Adolescence racconta con forza emotiva la fragilità e la violenza adolescenziale attraverso la storia di Jamie, 13enne accusato di omicidio. Un viaggio narrativo che interroga famiglia, scuola e società sulla responsabilità condivisa nella crescita dei giovani.

La serie Tv Adolescence: una lettura psicologica a cura dell’èquipe adolescenti del Santagostino

A cura di Alessia Bajoni e Mario Venerandi

con la collaborazione di Elena Saporiti, Gigliola Gigli, Elisa Chiara Gradi

(Psicoterapeute del Servizio specialistico per adolescenti del Santagostino).
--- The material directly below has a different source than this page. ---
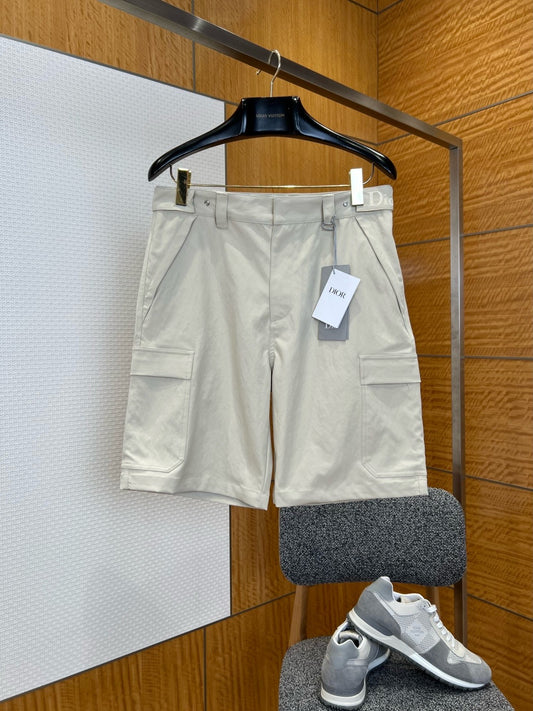 Dior Short Pant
La serie Tv di Netflix Adolescence comunica emozioni, pensieri, riflessioni in maniera diretta come se fosse ‘un colpo in pancia’, senza mediazioni. La sua forza e bellezza risiede nella sua capacità di narrare una storia portando lo spettatore nel ‘qui e ora’, nel flusso di emozioni e dei protagonisti, facendo vivere esattamente a chi guarda l’intensità dei fatti dal punto di vista dell’adolescente, della sua famiglia, del suo contesto attraverso l’utilizzo del piano in sequenza. 

Comprendere la violenza

È fondamentale per una lettura completa e complessa della serie Adolescence contestualizzarla all’interno della cornice da cui parte l’idea originaria degli autori: narrare e tentare di comprendere la violenza.

Quale violenza?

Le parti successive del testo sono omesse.